The diagram below summarizes Corrily’s price optimization workflow. The list after the diagram provides more detail about each step in the diagram.

  • Views your pricing page. A visitor requests to see the pricing page for your product on your website (or app).
  • Requests a price. Rather than displaying a hardcoded, static price for all visitors, you call Corrily’s calculate price endpoint to calculate the price that should be presented to the visitor. Note that this endpoint also handles price localization. You provide the visitor’s IP address so that Corrily can infer the visitor’s location, which probably affects the optimal price for this visitor. You also provide any user characteristics which you think may affect the optimal price.
  • Calculates a price. Corrily’s AI models use the data that you provided to determine what price to present to this visitor. The calculated price is either an experimental price or a control price used to benchmark future prices. Note: In the Corrily dashboard you define the parameters of the experimental prices, such as the upper/lower bounds and the percentage of visitors who should see experimental prices.

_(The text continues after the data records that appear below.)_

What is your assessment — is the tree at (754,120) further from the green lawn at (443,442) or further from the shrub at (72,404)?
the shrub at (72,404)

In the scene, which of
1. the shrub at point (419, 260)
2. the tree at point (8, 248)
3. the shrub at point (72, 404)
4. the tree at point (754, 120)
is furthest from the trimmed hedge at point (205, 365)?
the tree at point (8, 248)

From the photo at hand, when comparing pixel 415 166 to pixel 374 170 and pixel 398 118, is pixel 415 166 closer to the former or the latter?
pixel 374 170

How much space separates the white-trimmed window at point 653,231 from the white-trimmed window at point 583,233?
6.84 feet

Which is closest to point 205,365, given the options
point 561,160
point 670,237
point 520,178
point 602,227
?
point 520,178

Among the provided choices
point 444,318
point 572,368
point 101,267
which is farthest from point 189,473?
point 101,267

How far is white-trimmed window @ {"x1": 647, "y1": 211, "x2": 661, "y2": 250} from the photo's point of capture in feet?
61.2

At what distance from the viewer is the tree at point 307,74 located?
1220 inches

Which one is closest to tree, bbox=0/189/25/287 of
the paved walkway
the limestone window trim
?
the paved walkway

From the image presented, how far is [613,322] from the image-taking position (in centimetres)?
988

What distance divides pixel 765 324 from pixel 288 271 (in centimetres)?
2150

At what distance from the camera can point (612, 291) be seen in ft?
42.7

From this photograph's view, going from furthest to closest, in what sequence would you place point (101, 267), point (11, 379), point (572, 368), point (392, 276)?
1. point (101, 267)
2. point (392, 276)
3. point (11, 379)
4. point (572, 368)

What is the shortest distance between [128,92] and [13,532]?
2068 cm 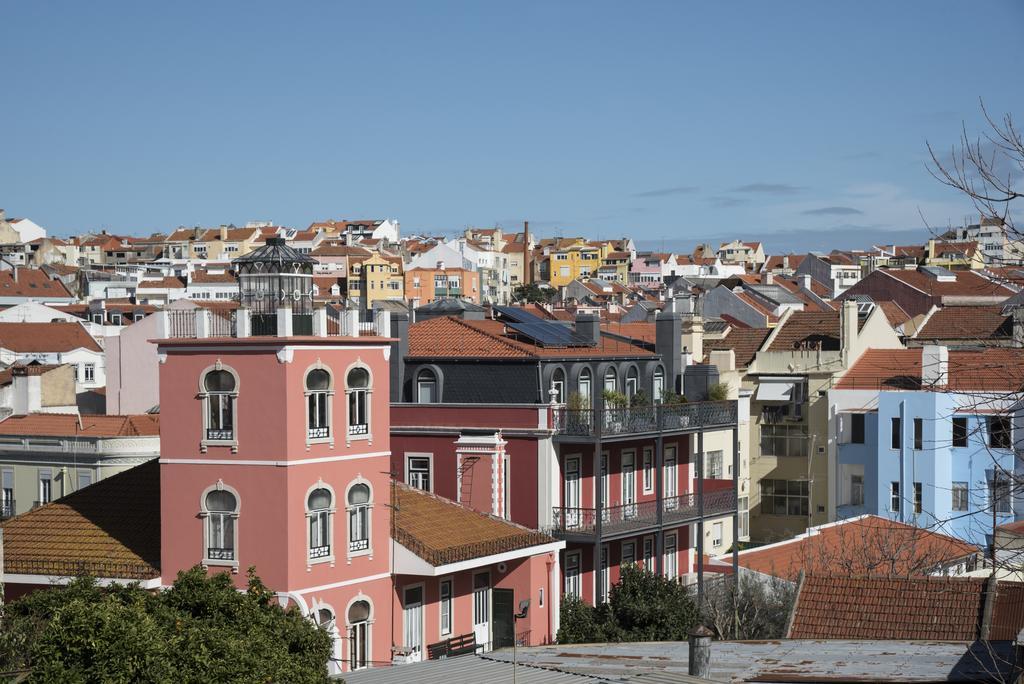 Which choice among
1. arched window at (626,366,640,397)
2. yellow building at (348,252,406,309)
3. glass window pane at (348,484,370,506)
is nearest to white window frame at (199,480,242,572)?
glass window pane at (348,484,370,506)

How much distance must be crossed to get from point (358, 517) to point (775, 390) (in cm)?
2549

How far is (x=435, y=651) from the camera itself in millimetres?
28531

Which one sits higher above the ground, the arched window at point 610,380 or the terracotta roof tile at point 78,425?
the arched window at point 610,380

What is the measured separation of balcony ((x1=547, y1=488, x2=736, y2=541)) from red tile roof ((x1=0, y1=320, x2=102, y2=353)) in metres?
40.3

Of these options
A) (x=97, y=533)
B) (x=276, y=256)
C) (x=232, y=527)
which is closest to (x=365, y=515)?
(x=232, y=527)

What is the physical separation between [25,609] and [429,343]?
51.6ft

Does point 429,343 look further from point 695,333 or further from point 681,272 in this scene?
point 681,272

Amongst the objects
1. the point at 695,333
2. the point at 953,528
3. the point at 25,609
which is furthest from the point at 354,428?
the point at 695,333

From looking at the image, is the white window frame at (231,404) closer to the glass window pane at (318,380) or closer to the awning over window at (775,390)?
the glass window pane at (318,380)

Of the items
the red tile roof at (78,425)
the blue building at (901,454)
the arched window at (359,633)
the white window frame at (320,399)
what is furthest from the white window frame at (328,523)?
the blue building at (901,454)

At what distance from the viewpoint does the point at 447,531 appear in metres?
29.6

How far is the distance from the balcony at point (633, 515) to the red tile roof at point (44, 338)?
132 ft

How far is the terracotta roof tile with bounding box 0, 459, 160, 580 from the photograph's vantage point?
Result: 2727 cm

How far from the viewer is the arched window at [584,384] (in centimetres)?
3475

  • Returns calculated price. Corrily returns the price that you should present to the user in the response of your calculate price request.
  • Displays calculated price. You render and display the pricing page with the price that Corrily provided.
  • Converts to a paying customer. In this example, the visitor converts to a paying customer. If the visitor abandons your pricing page without converting, that is also a useful signal (more on that below).
  • Sets up billing. You hand off the billing details to your payment gateway.
  • Notifies of subscription & charge. Your payment gateway emits webhook events over the entire customer lifecycle, such as when they sign up, when they pay their subscription fees, and when they cancel their subscription. The absence of webhook events implies that the original visitor abandoned without converting. In that case, Corrily infers that the price was too high.
  • Improves pricing models. Corrily uses the webhook events (or absence of webhook events) as signals for determining optimal prices. A “new customer” event is a signal that the price was close to optimal. An “invoice paid” event is a further signal. 6 “invoice paid” events is even more of a strengthening signal. Many “subscription cancel” events in a short timeframe could be a signal that something has changed (e.g. a particular country is going through an economic recession) and therefore the optimal price is now probably lower.